Stored items from a collection
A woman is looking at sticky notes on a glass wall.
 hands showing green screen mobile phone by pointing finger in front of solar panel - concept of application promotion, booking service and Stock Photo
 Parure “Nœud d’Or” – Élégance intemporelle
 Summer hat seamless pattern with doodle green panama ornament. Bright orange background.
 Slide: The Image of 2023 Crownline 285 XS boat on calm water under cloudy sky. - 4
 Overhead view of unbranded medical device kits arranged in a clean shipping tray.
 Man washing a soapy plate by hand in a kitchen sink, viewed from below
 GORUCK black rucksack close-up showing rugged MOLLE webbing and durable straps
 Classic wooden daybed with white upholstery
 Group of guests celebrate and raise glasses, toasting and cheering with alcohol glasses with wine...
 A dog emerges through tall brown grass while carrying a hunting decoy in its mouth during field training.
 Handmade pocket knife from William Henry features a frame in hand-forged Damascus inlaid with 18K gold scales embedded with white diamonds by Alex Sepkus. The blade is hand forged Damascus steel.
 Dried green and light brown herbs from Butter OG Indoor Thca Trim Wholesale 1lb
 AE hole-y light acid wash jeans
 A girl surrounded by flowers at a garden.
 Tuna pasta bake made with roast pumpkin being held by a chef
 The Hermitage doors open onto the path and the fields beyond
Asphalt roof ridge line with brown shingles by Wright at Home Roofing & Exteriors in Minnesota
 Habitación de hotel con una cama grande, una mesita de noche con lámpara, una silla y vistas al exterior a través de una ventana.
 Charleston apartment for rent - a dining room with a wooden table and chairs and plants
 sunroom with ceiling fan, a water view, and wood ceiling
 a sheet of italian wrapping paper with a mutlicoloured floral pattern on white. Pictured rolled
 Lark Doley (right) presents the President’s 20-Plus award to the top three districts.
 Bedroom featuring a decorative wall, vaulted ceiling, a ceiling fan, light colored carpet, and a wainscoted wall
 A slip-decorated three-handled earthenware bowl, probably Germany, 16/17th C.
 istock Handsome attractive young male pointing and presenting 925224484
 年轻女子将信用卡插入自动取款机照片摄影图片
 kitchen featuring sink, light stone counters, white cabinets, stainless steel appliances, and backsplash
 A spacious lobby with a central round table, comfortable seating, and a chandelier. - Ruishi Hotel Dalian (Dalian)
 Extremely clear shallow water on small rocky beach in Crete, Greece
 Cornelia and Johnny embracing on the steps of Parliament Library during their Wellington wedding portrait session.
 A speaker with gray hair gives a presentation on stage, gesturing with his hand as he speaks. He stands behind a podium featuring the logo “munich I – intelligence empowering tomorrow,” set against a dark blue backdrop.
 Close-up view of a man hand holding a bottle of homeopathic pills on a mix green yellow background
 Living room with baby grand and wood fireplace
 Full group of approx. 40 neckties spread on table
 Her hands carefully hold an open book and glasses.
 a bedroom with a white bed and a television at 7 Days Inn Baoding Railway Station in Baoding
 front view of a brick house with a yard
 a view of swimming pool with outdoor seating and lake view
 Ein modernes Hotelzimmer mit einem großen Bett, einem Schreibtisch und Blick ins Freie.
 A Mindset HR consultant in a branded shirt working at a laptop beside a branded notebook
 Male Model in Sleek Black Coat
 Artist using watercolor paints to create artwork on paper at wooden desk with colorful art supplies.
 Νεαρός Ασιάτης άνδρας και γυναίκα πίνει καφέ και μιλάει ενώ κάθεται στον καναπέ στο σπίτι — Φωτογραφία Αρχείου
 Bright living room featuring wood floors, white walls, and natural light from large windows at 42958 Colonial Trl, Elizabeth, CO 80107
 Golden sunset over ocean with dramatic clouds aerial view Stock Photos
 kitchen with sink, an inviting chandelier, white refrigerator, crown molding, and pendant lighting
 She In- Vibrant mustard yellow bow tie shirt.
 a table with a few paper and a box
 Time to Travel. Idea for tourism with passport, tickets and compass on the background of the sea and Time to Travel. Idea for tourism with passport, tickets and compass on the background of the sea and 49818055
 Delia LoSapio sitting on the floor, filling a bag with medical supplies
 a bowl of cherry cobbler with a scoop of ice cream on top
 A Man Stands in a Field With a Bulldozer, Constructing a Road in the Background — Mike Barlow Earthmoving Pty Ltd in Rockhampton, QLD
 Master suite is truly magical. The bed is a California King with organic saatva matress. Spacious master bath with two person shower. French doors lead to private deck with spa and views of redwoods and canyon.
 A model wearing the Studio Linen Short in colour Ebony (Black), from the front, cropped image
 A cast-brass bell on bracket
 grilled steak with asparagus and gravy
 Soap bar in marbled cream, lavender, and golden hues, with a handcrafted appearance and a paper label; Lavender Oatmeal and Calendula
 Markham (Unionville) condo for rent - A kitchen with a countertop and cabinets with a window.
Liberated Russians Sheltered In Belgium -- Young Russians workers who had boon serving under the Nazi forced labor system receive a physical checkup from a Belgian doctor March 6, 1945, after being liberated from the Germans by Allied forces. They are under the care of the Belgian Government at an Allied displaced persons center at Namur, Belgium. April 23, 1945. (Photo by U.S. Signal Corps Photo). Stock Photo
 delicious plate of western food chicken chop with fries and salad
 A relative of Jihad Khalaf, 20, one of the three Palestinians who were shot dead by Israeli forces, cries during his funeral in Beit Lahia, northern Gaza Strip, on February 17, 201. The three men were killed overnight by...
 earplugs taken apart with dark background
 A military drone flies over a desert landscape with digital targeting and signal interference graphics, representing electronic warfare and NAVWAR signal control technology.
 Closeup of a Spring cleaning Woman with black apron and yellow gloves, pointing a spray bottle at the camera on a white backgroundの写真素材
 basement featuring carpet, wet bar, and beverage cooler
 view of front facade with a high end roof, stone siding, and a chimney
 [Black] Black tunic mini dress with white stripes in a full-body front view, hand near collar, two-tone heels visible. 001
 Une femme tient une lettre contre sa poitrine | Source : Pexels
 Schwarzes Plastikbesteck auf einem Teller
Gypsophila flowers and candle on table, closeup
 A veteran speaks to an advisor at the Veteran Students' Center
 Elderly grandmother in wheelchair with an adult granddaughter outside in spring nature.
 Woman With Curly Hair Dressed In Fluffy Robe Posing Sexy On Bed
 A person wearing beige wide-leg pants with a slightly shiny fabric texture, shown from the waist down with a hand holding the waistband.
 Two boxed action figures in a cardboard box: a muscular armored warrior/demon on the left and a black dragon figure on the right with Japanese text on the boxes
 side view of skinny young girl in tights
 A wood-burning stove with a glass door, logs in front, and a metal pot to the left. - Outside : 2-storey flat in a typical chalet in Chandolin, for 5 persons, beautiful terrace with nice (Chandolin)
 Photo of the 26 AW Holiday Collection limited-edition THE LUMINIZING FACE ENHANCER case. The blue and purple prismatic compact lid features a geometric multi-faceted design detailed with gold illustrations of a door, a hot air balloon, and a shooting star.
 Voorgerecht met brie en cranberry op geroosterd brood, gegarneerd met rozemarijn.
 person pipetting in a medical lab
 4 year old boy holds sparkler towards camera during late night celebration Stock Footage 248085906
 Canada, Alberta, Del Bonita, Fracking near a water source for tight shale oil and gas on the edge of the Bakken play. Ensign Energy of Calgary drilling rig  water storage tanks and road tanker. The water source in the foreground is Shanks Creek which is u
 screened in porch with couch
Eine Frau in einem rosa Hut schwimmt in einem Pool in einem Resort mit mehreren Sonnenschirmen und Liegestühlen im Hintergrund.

» **YOUR OBJECTIVE**
The answer must contain only the lines from the one with "Voorgerecht met brie" to the end of the entries above, each written out exactly.

» **TASK OUTPUT**
 Voorgerecht met brie en cranberry op geroosterd brood, gegarneerd met rozemarijn.
 person pipetting in a medical lab
 4 year old boy holds sparkler towards camera during late night celebration Stock Footage 248085906
 Canada, Alberta, Del Bonita, Fracking near a water source for tight shale oil and gas on the edge of the Bakken play. Ensign Energy of Calgary drilling rig  water storage tanks and road tanker. The water source in the foreground is Shanks Creek which is u
 screened in porch with couch
Eine Frau in einem rosa Hut schwimmt in einem Pool in einem Resort mit mehreren Sonnenschirmen und Liegestühlen im Hintergrund.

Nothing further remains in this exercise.